What to produce: Print, exactly as they appear in the listing below, the lines from the line with "New Sofirn HS21" to the line with "EUR/CHF: koniec wzrostowej korekty?", with both end lines kept.

Working data:
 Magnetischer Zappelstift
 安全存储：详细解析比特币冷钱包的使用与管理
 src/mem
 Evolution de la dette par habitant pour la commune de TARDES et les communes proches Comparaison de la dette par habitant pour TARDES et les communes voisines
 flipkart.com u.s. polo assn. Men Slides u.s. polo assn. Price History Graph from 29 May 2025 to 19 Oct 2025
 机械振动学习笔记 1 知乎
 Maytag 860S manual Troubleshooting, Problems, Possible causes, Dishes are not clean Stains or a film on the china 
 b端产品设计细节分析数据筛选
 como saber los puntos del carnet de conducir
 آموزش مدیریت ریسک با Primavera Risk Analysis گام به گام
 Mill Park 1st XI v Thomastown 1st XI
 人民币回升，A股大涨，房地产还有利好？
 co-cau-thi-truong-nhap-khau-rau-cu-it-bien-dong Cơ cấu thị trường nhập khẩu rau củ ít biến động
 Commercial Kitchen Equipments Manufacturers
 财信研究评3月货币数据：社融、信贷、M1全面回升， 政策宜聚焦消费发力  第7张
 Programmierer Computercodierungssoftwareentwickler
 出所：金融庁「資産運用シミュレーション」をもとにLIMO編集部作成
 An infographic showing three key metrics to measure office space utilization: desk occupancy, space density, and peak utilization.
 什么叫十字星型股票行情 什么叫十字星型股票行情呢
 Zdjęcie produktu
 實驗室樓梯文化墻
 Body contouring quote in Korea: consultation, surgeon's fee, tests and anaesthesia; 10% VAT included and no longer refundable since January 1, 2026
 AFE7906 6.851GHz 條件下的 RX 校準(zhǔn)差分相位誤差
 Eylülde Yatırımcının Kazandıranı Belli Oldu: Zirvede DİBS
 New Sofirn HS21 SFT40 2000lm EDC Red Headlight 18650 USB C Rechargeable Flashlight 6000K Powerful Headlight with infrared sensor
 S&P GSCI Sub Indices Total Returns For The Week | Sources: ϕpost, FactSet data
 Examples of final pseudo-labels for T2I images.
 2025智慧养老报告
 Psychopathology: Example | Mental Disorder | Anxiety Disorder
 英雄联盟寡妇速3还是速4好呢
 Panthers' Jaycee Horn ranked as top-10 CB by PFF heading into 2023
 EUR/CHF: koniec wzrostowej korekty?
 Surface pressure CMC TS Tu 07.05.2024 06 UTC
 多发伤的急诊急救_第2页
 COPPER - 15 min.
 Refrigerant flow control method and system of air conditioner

Solution to this problem:
 New Sofirn HS21 SFT40 2000lm EDC Red Headlight 18650 USB C Rechargeable Flashlight 6000K Powerful Headlight with infrared sensor
 S&P GSCI Sub Indices Total Returns For The Week | Sources: ϕpost, FactSet data
 Examples of final pseudo-labels for T2I images.
 2025智慧养老报告
 Psychopathology: Example | Mental Disorder | Anxiety Disorder
 英雄联盟寡妇速3还是速4好呢
 Panthers' Jaycee Horn ranked as top-10 CB by PFF heading into 2023
 EUR/CHF: koniec wzrostowej korekty?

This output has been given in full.